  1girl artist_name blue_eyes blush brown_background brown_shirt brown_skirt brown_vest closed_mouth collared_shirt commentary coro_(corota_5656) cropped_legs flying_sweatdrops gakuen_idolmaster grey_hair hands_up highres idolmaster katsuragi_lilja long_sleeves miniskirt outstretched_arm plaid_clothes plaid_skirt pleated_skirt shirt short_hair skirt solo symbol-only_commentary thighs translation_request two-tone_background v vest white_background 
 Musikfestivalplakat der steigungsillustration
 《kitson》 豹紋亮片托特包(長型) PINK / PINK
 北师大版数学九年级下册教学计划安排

######

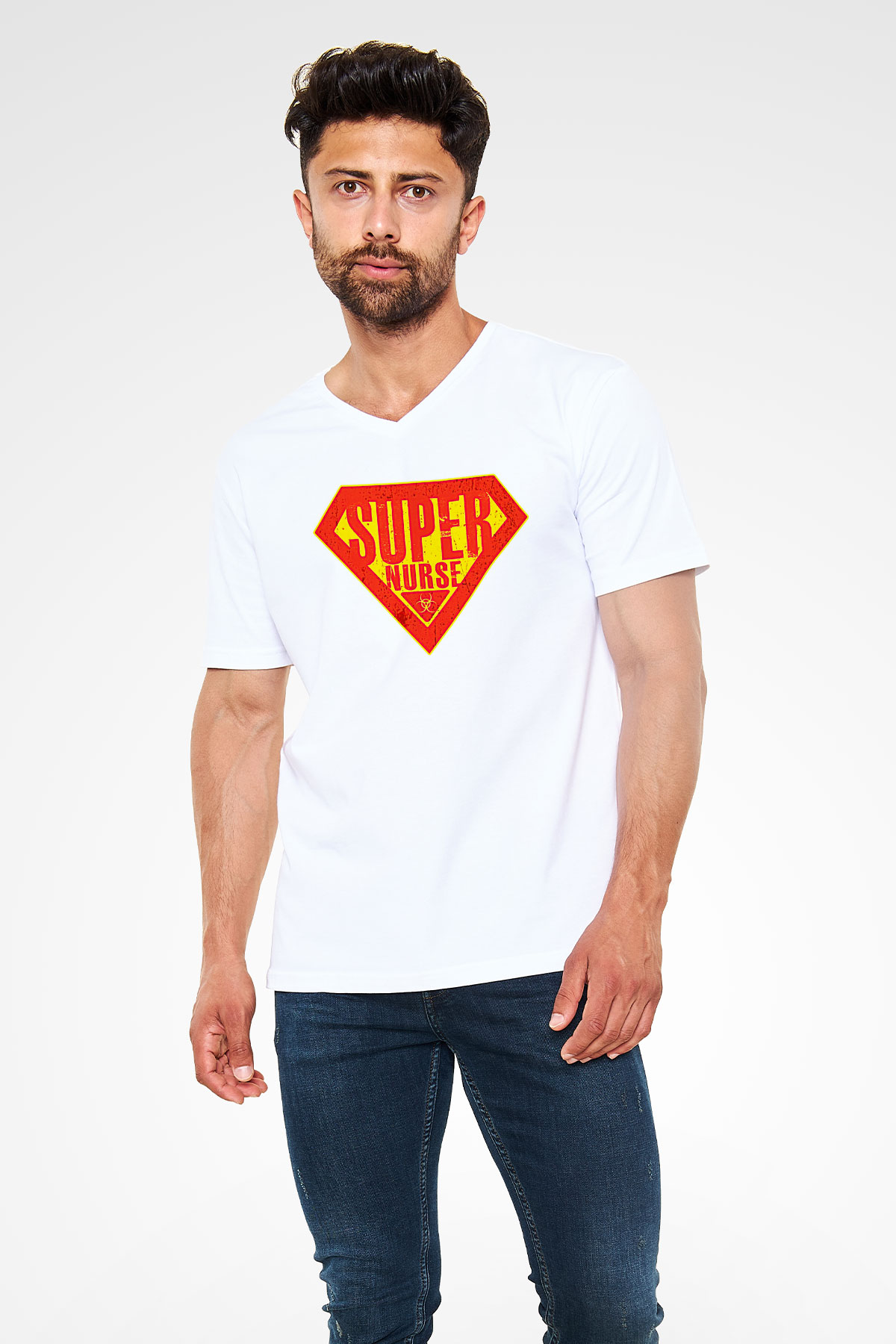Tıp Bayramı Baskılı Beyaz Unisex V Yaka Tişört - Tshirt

######

* **What you should do**
Please output exactly the lines between the one holding "1girl artist_name blue_eyes" and the one holding "北师大版数学九年级下册教学计划安排" in the records above, inclusive, and nothing more.

* **Solution to this task**
  1girl artist_name blue_eyes blush brown_background brown_shirt brown_skirt brown_vest closed_mouth collared_shirt commentary coro_(corota_5656) cropped_legs flying_sweatdrops gakuen_idolmaster grey_hair hands_up highres idolmaster katsuragi_lilja long_sleeves miniskirt outstretched_arm plaid_clothes plaid_skirt pleated_skirt shirt short_hair skirt solo symbol-only_commentary thighs translation_request two-tone_background v vest white_background 
 Musikfestivalplakat der steigungsillustration
 《kitson》 豹紋亮片托特包(長型) PINK / PINK
 北师大版数学九年级下册教学计划安排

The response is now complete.